Allison I would end up knocking myself out with one or both of my BIG (O)(O)!!!!!   If the next photo in my gallery has me with two black eyes you know I've given it a go!!!


----------



## allison kate (Aug 9, 2005)

You poor thing you....not long now though hunni


----------



## ~*Claire*~ (Jan 25, 2005)

for you Allison.


----------



## scruffyted (Jul 28, 2005)

Hi

Alison-keeping everything crossed for you-when is your test date?   so hope the Fertility Goddess has blessed you, we need some more BFP's. 
I'm a Pisces too!! My birthday is the day before your's the 2nd.

Claire-maybe I should change my guess to my birthday then! -  

love scruffyted xx


----------



## ~*Claire*~ (Jan 25, 2005)

I think little man is going to out do all of you and arrive in April!!!   I WANT HIM NOW!!!!!!!


----------



## ~*Claire*~ (Jan 25, 2005)

Allison thinking of you babe   I could stand a month over due if it meant everything was o.k.


----------



## ~*Claire*~ (Jan 25, 2005)

Had a sweep this morning and am 2 cm dilated  . Been having more AF type pains so hoping things speed up a bit now.Oooooooooo contaction!!!!!!! S*@T that was the strongest yet!!!


----------



## *Jenny* (Aug 24, 2005)

well   Claire mac, hoping baby makes an appearance soon.
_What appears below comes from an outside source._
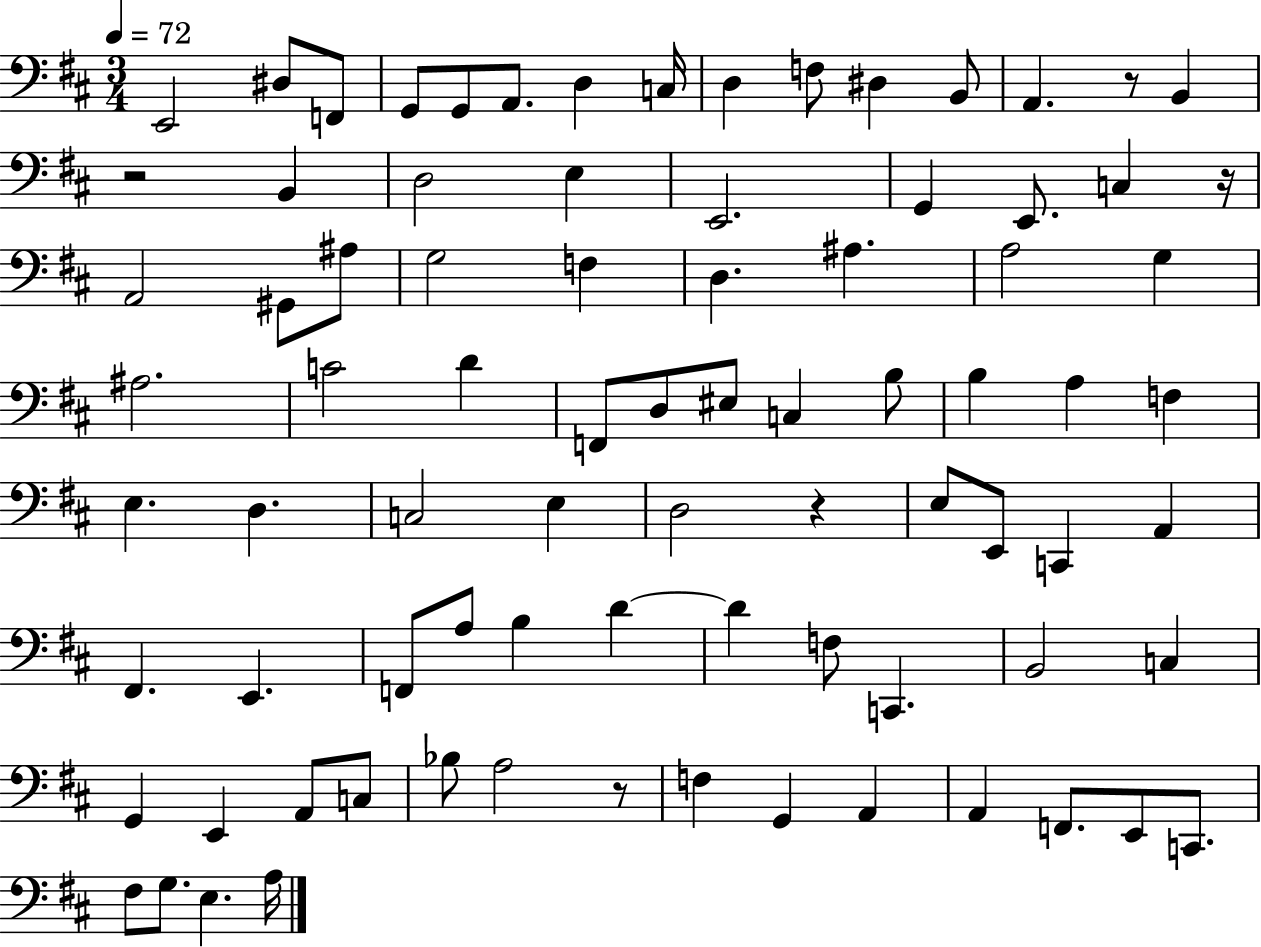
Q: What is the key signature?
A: D major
However, you have 2 and half days of labour ( hoping that is does not) to give birth on my birthday. However i will put my hands up to being wrong this time.  
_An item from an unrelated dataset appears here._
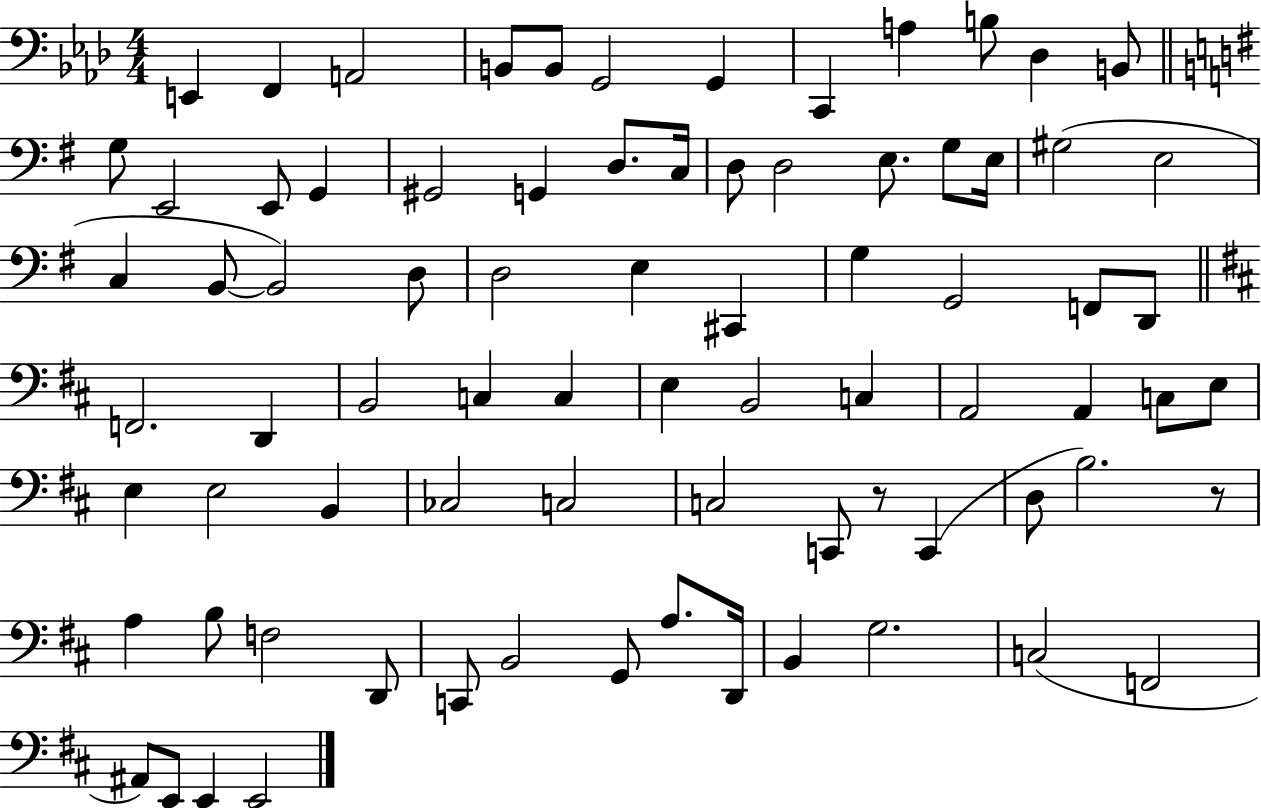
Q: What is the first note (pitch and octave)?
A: E2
Well i hope things progress soon and that little boy is safely in your arms where he belongs.  

Jenny


----------



## allison kate (Aug 9, 2005)

Hi girls

Well I've had the call and my levels have risen to 14 but the DR has still told me not to get my hopes up.  He thinks it's a chemical pregnancy and he says the chances of it succeeding are very, very small.  I have to keep taking the medication for now and retest next Thursday.  Really not sure what to think, so I will just keep praying for my miracle to happen.....
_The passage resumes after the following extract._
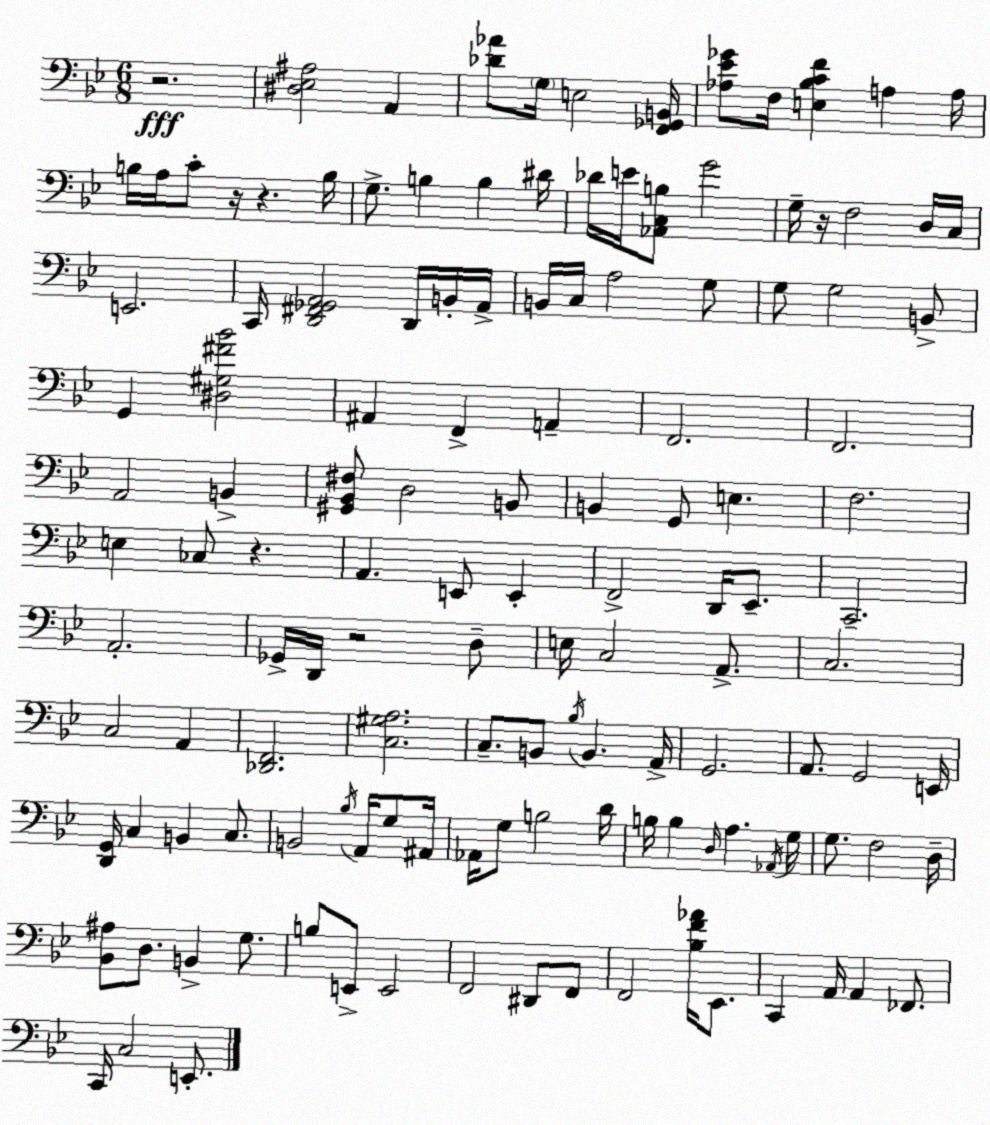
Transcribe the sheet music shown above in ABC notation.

Thank you, thank you for all your love and support and thoughts and prayers, bless you all you wonderful women.

mac...you're off line, I hope that means it's because you're in the hospital, welcoming Connor into the world     
Much, much love
Allison xxxxxxxxxxxxxxxxxxxxxxxx


----------



## ♥ M J ♥ (Apr 17, 2004)

hi ladies

news on macca and baby connor for those who have not seen it yet!

http://www.fertilityfriends.co.uk/forum/index.php/topic,49741.0.html

congrats claire, martin and meg on the arrival of connor(about time little man!)

xxx


----------



## scruffyted (Jul 28, 2005)

Many Congratulations Claire, wonderful news, welcome to the world little Connor.

    

Love scruffyted xx


----------



## scruffyted (Jul 28, 2005)

Hi Allison

Poor you, you must be going crazy, as others have said it has doubled and that's a good sign.  I so hope your snowbaby(ies) carry on snuggling down and your levels continue to double.  

Take care

love scruffyted xx


----------



## Nicky1 ☺ ☺ (Jul 9, 2004)

Whoo hoo I was right with the date, what do I win?   A bit out with the weight though! 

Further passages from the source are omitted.